The $76,000 high-tech upgrade, which took two Rodgers employees four days to complete, allows organists to combine the instrument’s many ranges and types of sounds, including five ranges from the pipes themselves, another 104 electronic ranges, three sets of velocity-sensitive keyboards and more than a dozen speakers in and around the pipe chest. It can even be updated via the Internet.

“It’s spectacular,” said First Presbyterian Church Rev. Mike Bullard. “It’s a very good marrying of the pipe and digital sounds.”

The hybrid organ installation was the first step in the church’s phased construction plans. Through fundraisers, donations and community events, the church is planning to build a new sanctuary near the old one.

The hybrid organ technology can be found in other places in the Northwest, including Spokane’s Cathedral of Our Lady of Lourdes, said Kent Brocklebank, the dean of the 65-member American Guild of Organists’ Spokane chapter. It is a technology that is sure to expand in churches, Brocklebank said, because the cost of building even a simple pipe organ easily can exceed $1 million.

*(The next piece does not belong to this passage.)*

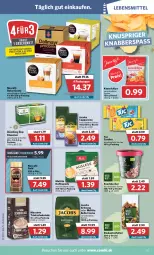 Gazetka promocyjna Combi - Prospekte - Gazetka - ważna od 26.03 do 26.03.2022 - strona 15 - produkty: Becher, bella crema, beutel, Cap, cappuccino, chips, cin, cracker, dolce gusto, eis, ente, jacobs, jacobs krönung, kaffee, kaffeepads, lebensmittel, melitta, Nescafé, nescafé gold, reis, schoko, schokolade, sim, snack, studentenfutter, tuc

While the drawback is that a digital organ can’t replicate the full range of pipe organ sounds, he said, “Churches at least have a good option now with a digital organ.”

And although the Coeur d’Alene recital takes place in a church, where the usual Sunday crowd “sings very exuberantly with the organ,” Haberman Marlette said, the music recital is meant for the entire community.

“It’s definitely a community event,” she said.